If your child is old enough, sit down with them and have a talk regarding why a proper sleep schedule is necessary so that they agree to follow it. If you have a toddler, try explaining with the help of a chart or colorful pictures that show activities like changing into kids pyjamas or brushing teeth.

3. Sleep problems

The American Academy of Sleep Medicine (AASM) has provided a chart where it depicts the amount of sleep required (in hours) for the different age groups of children in a 24-hour span.

Infants (4-12 months) need around 12-16 hours of sleep, toddlers (1-2 years) need 11-14 hours, preschoolers (3-5 years) require around 10-13 hours, grade-schoolers (6-12 years) require 9-12 hours, and teenagers need 8-10 hours of proper sleep.

In case you see sleeping problems in your child, such as difficulty in falling asleep, heavy breathing while sleeping, or waking up frequently at night, visit a doctor immediately.

4. Follow a routine

Kids love routine. So try to incorporate that while putting your baby to sleep. For example, read them a storybook, or sing a special lullaby. Consistent nighttime routines help children with mild sleep problems to fall asleep much more easily.

Some activities also help your child to feel sleepy, just like reading before going to bed helps adults. Moreover, when you engage in these activities, you bond much better with your child, and they associate good and peaceful feelings with the bedroom.

There is no single routine that is applicable for every family, but some of the common activities like brushing your teeth together, playing soft music, putting on PJs, and hearing stories. Ask them how their day was, and what they did all day. Listen to your child and participate actively. All this will cumulatively help you to establish a proper bedtime routine easily.

5. Sleep environment

The room where your child sleeps has to be kept as comfortable as possible. You can’t have loud music blaring from your bedroom or keep bright lights switched on in your child’s room. Either switch off the lights or keep a soothing lamp turned on in the room.
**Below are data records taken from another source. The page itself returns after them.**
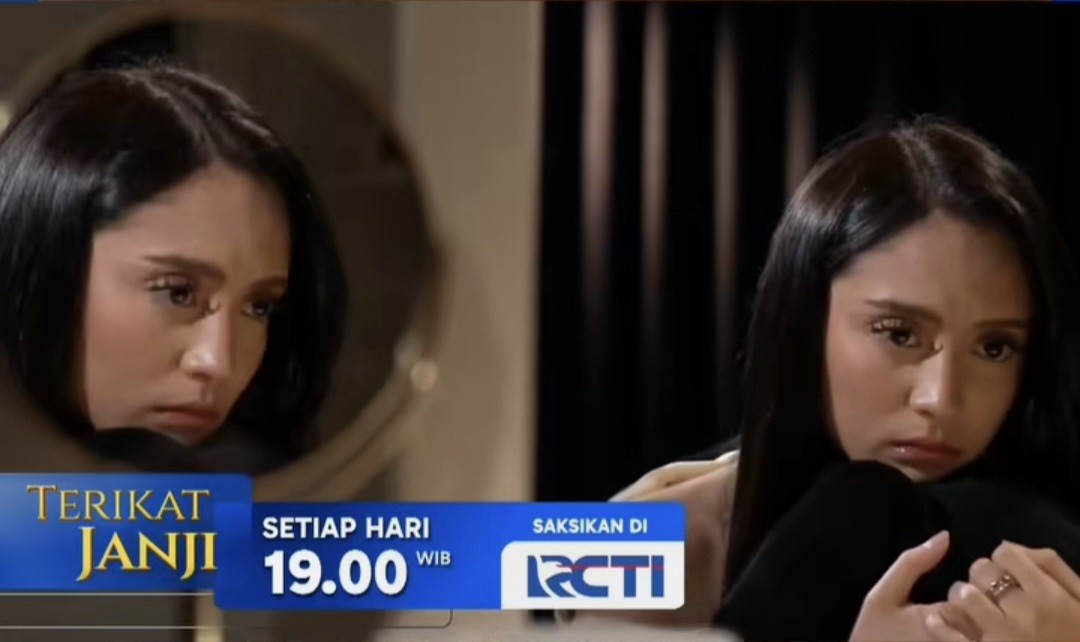 Sinopsis Sinetron Terikat Janji Eps 202: Sena Melangkah ke Babak Baru, Novan Simpan Kegelisahan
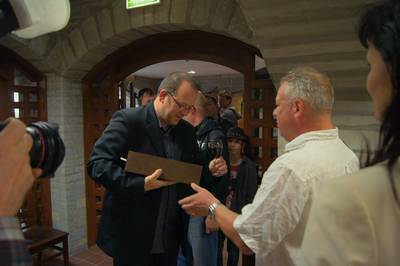 40 knives. Tõnu Arrak and friends.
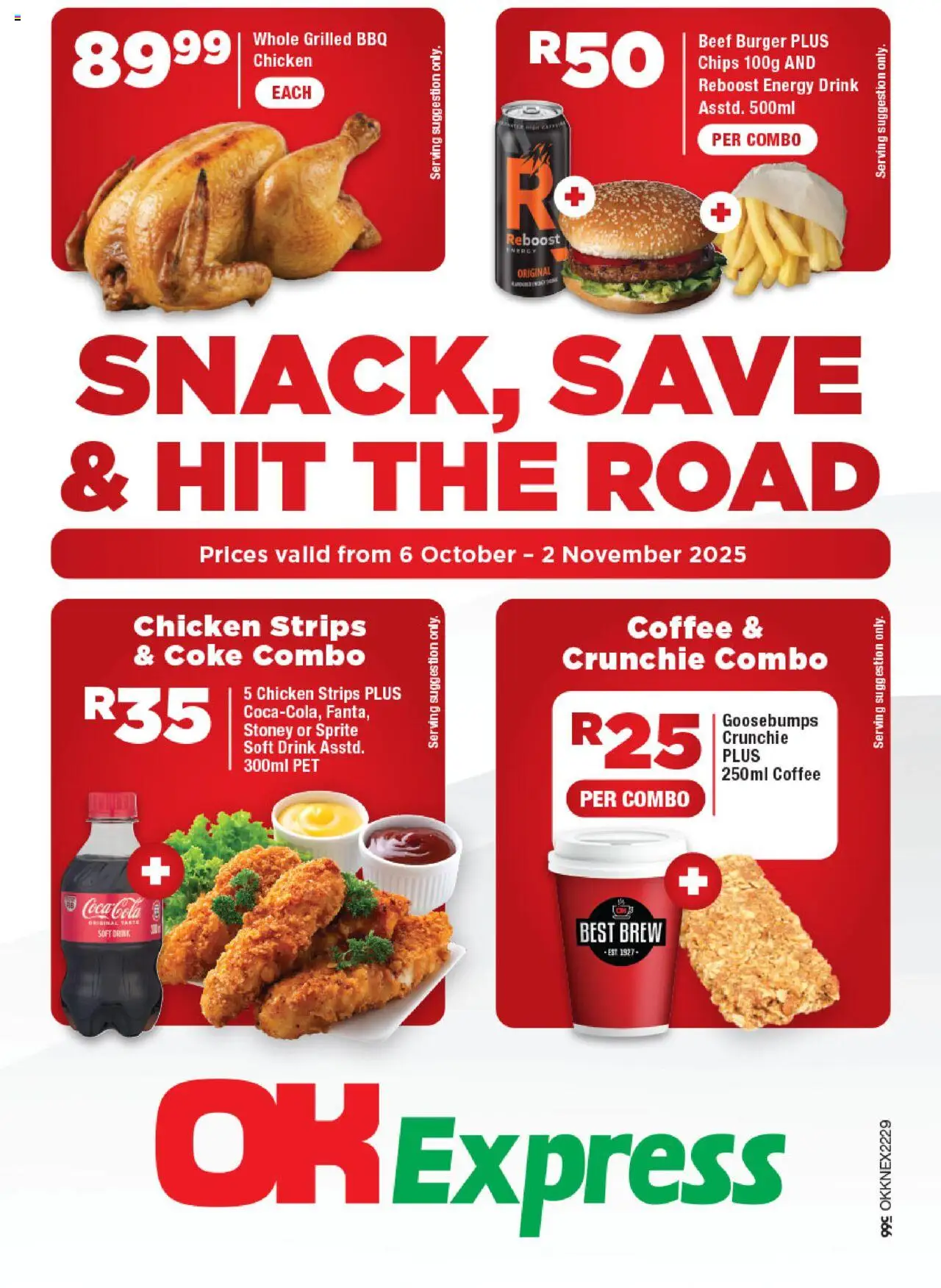 OK Foods Kwazulu Natal - OK Express from 06/10 - 02/11/2025 > Promotions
You may also leave the hall light from your child’s bedroom to yours switched on for safety purposes. If your child wants, stick some glow-in-the-dark stickers of stars on the ceiling, or light a scented candle that helps to fall asleep faster.

Over to you…

When you follow a properly laid-out sleeping routine, you instill not only good bedtime habits in your child but also qualities like punctuality and discipline. A child who sleeps properly is a child who is physically, mentally, and emotionally healthy.

So always establish a bedtime routine that is easy for all of you to follow and help your child get accustomed to it from an early age.